Amasya'dan 18 Haziran 1919 tarihinde, Edirne'de 1'inci Kolordu Komutanı 
Cafer Tayyar Bey'e şifre ile verdiğim direktifte başlıca şu hususları belirttim : Millî istiklâlimizi boğan ve vatanımızın parçalanması tehlikelerini hazırlayan İtilâf Devletleri'nin yaptıkları, İstanbul hükûmetinin esir ve güçsüz durumu sizce de bilinmektedir. Milletin kaderini böyle bir hükûmetin eline teslim etmek, yıkılmaya mahkûm olmaktır. Trakya ve Anadolu'daki millî teşkilâtların birleştirilmesi ve milletin sesini bütün gürlüğü ile dünyaya duyurabilmesi için, güvenli biryer olan Sivas'ta ortak ve güçlü bir hey'et kurulması kararlaştırılmıştır. Trakya Paşaeli Cemiyeti, yetki sahibi olmamak üzere İstanbul'da bir hey'et bulundurabilir. Ben İstanbul'da iken Trakya Cemiyeti üyelerinden bazılarıyla görüşmüştüm. Şimdi zaman geldi. Gereken kimselerle gizlice görüşerek derhal teşkilât kurunuz ve benim yanıma da temsilci olarak değerli bir iki kişi gönderiniz. Onlar gelinceye kadar Edirne ilinin haklarının savunucusu olmak üzere, teşkilât üyelerinin beni vekil seçtiklerini belirten imzalı bir belgeyi kendi imzasıyla ve şifreli telgrafla bildiriniz. İstiklâlimizi kazanıncaya kadar, bütün milletle birlikte fedakârca çalışacağıma mukaddesatım üzerine yemin ettim. Artık benim için Anadolu'dan hiçbir yere gitmemek kararı kesindir. Trakya'nın manevî gücünü yükseltmek maksadıyla bu talimâta şu bilgileri de ekledim : Anadolu halkı baştan aşağı bölünmez bir bütün haline getirildi. Kararlar, istisnasız, bütün komuta hey'etleri ve arkadaşlarımızla birlikte alınıyor. Vali ve mutasarrıfların hemen hepsi bizimle beraberdir. Anadolu'daki millî teşkilât ilçe ve bucaklara kadar genişledi. İngiliz himayesi altında bağımsız bir Kürdistan kurulması ile ilgili propaganda ortadan kaldırıldı ve taraftarları yola getirildi. Kürtler Türklerle birleşti.

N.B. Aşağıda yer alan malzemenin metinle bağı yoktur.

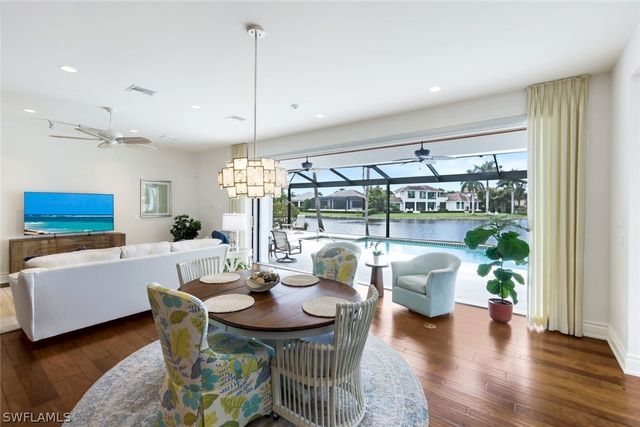 4127 Belair LN, Naples, FL 34103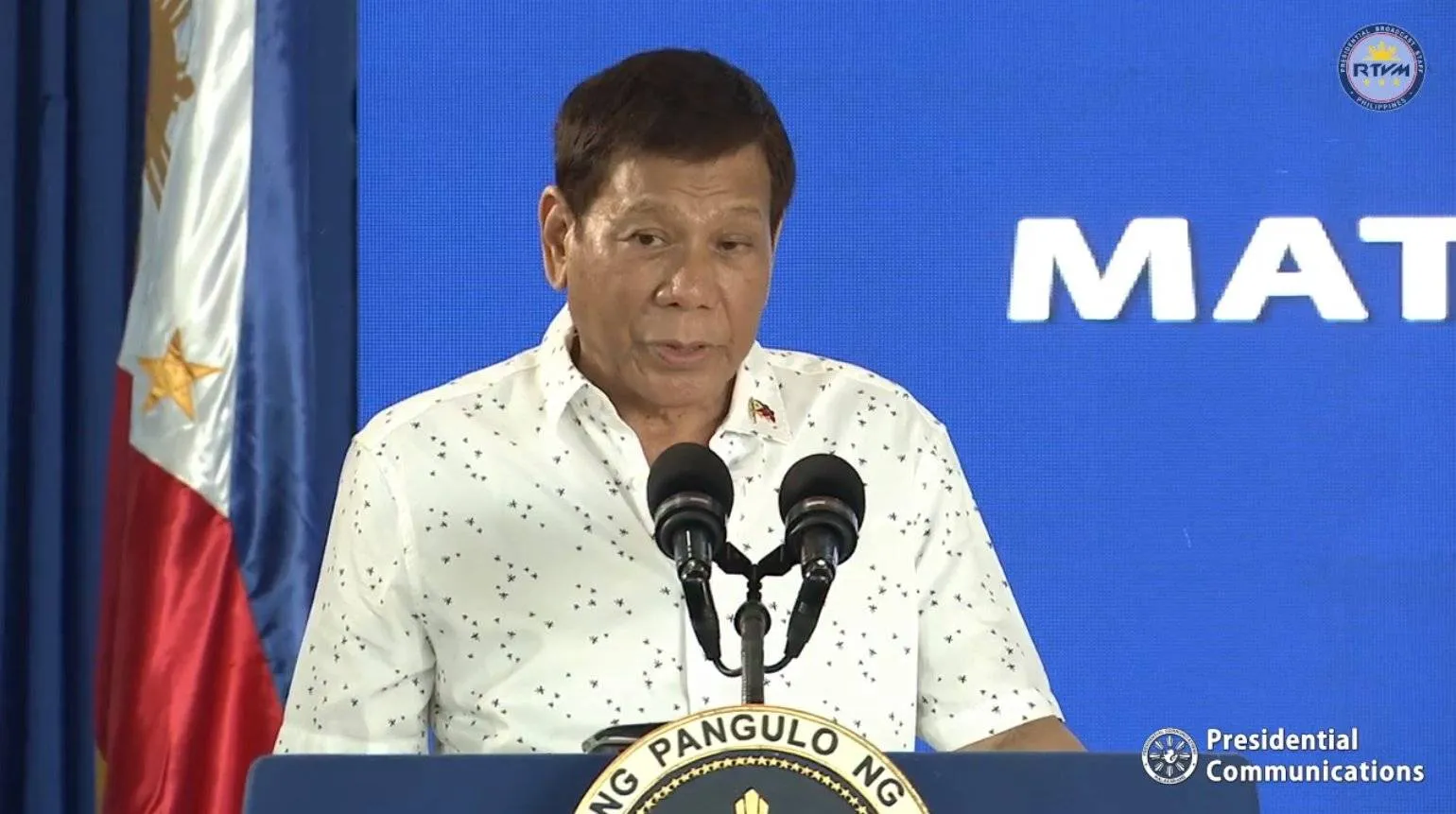 Duterte inspects Batangas evacuation center amid Taal unrest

*YUNAN ORDUSUNUN MANİSA VE AYDIN ÇEVRESİNİ İŞGALİ

Bu tarihe kadar Yunan ordusunun Manisa ve Aydın çevrelerini de işgal etmiş olduklarını öğrendim. Fakat, İzmir'de ve Aydın'da bulunduklarını bildiğim kuvvetlerin ne durumda olduklarınadair daha hiçbir yerden açık bir bilgi elde edemiyordum. Doğrudan doğruya bu kuvvet komutanlarına da bazı emirler yazmıştım. Nihayet 29 Haziran'da, 56' ncı Tümen Komutanı Bekir Sami Bey'in iki gün önceki tarihli bir şifreli telgrafını aldım. 56'ncı Tümen'e İzmir'de Hurrem Bey adında biri komuta ediyormuş. Bu zat ve İzmir'deki iki alayın kılıç artığı subaylarıyla birlikte hemen hepsi esir olmuşlar. Yunanlılar bunları gemilerle Mudanya'ya götürmüşler. Bekir Sami Bey, bu kılıç artıklarının komutasını ele almak üzere gönderilmiş. Bekir Sami Bey, 27 Haziran 1919 tarihli telgrafında, 22 Haziran 1919 tarihli iki emrimi, ancak 27 Haziran'da Bursa'ya vardığında alabildiğini söylüyor. Verdiği bilgi ve yaptığı açıklamada : Millî gayeleri gerçekleştirecek yeterli vasıtaları bulamadığımdan ve tümenimi yeniden düzenleyip yoluna koyabilirsem daha iyi hizmetlerin yapılmasını mümküngördüğümden 21 Haziran sabahı Kula'dan Bursa'ya doğru harekete mecbur oldum. Bununla birlikte ve birçok engele rağmen, millî bir mücadelenin memleketin kurtarılması için kaçınılmaz olduğu düşüncesini her tarafa yaymayı başardım diyor. Düşündüklerime ve yaptıklarıma sarsılmaz inancı olduğunu bildiriyor. Bu konuda hemen temaslara başladığını, Çine'de bulunan 57'nci Tümen'e de emir vermemi, kendisine de emir vermekte devam etmemi istiyordu.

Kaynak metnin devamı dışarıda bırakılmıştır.